O líder da La’o Hamutuk salienta que a educação está num estado deficiente. Para Celestino Gusmão, o conceito de educação de qualidade consiste em professores qualificados, infraestruturas adequadas, constituídas por laboratórios e bibliotecas. “Com o aumento da população, as escolas não são suficientes para acomodar o número de alunos, principalmente em escolas públicas das maiores cidades, e isto pode, evidentemente, afetar a qualidade cognitiva dos estudantes”.
O baixo investimento na educação reflete-se na qualidade do ensino em Timor-Leste. A maioria das escolas não tem boas condições, nem recursos materiais e humanos adequados.

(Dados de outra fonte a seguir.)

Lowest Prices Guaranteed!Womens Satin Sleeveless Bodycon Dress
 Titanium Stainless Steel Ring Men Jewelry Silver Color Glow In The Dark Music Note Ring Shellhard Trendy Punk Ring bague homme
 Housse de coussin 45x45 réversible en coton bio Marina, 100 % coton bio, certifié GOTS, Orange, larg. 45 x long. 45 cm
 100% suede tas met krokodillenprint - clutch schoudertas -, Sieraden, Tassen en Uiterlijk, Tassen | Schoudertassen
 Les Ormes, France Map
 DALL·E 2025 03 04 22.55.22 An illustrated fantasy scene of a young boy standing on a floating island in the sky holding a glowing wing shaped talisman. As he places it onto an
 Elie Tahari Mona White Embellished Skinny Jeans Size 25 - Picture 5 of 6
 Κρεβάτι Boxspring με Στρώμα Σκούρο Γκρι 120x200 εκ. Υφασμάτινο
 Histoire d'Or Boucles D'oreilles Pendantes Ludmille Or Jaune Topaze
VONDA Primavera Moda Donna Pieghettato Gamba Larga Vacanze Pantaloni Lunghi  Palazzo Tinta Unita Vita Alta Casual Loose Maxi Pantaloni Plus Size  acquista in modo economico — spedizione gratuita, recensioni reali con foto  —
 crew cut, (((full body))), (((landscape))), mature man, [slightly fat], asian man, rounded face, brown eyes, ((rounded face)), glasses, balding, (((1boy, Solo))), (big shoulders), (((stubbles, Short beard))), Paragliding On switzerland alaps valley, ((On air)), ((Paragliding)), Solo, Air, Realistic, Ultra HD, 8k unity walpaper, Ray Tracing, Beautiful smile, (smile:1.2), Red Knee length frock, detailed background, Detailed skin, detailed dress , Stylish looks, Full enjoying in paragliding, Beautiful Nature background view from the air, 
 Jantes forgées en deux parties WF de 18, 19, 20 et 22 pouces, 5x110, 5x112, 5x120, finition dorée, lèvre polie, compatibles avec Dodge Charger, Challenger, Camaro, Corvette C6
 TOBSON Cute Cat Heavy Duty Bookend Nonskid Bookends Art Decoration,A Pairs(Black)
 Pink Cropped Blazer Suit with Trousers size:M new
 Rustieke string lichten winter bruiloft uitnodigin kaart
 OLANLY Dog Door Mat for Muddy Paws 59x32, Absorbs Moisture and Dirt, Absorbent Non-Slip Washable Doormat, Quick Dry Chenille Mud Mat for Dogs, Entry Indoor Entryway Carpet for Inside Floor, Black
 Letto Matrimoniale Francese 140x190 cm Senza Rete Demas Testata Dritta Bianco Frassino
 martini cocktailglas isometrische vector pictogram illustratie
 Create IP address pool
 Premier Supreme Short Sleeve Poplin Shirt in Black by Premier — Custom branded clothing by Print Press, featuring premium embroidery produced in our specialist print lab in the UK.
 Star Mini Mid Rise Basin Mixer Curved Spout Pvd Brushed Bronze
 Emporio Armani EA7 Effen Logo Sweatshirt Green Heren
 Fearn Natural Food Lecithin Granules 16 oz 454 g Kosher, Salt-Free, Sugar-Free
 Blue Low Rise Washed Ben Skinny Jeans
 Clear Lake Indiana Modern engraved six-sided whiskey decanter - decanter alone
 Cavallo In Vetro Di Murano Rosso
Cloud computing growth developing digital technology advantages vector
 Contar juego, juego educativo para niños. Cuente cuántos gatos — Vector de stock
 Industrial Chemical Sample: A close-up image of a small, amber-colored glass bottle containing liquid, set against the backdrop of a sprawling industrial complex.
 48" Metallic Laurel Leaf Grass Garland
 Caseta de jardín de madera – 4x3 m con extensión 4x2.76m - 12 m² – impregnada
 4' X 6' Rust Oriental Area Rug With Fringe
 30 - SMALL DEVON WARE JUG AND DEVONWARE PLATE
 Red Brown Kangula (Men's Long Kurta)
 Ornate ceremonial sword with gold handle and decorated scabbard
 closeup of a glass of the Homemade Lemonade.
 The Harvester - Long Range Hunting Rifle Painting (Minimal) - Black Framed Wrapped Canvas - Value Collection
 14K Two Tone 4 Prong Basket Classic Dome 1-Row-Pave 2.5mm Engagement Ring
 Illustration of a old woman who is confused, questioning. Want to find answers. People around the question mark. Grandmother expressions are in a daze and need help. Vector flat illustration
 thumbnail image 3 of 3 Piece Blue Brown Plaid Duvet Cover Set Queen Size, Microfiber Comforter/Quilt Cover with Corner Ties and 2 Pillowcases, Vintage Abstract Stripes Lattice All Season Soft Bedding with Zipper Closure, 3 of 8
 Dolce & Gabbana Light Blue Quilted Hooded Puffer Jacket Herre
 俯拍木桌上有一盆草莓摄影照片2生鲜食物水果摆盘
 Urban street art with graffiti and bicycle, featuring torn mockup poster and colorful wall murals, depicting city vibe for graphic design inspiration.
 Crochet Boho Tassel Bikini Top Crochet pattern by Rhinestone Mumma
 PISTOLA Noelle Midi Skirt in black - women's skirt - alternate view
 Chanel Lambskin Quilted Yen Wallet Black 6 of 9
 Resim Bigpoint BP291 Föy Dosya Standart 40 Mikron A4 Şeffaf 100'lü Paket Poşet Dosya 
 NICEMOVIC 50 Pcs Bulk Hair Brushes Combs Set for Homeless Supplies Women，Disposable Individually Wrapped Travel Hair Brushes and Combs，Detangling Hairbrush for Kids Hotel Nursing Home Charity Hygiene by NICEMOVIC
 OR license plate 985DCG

Os baixos salários, o número insuficiente de professores (muitos deles com falta de formação), turmas numerosas e infraestruturas precárias, são sinais de que o orçamento para a educação não é suficiente para garantir um sistema de ensino-aprendizagem digno no país.
Cristóvão Renato, 23 anos, estudante de Direito na UNTL e ativista de um programa de defesa dos direitos das meninas na organização Aliansa Labarik Feto, acentuou que, a seu ver, uma educação de qualidade é importante para o desenvolvimento de competências pessoais. O jovem acredita que quando as pessoas são formadas e informadas, têm a confiança necessária para criar os seus próprios empregos.
O ativista vai mais longe: tem como ponto fundamental que as autoridades combatam a corrupção e o nepotismo, como passo relevante para resolver problemas sociais, como a desigualdade no tratamento entre diferentes pessoas.
Sustentou, finalmente, que a educação, a agricultura e o turismo são as chaves do desenvolvimento para o país, considerando que o grande problema de Timor-Leste é a falta de emprego e “seriedade por parte dos governantes”.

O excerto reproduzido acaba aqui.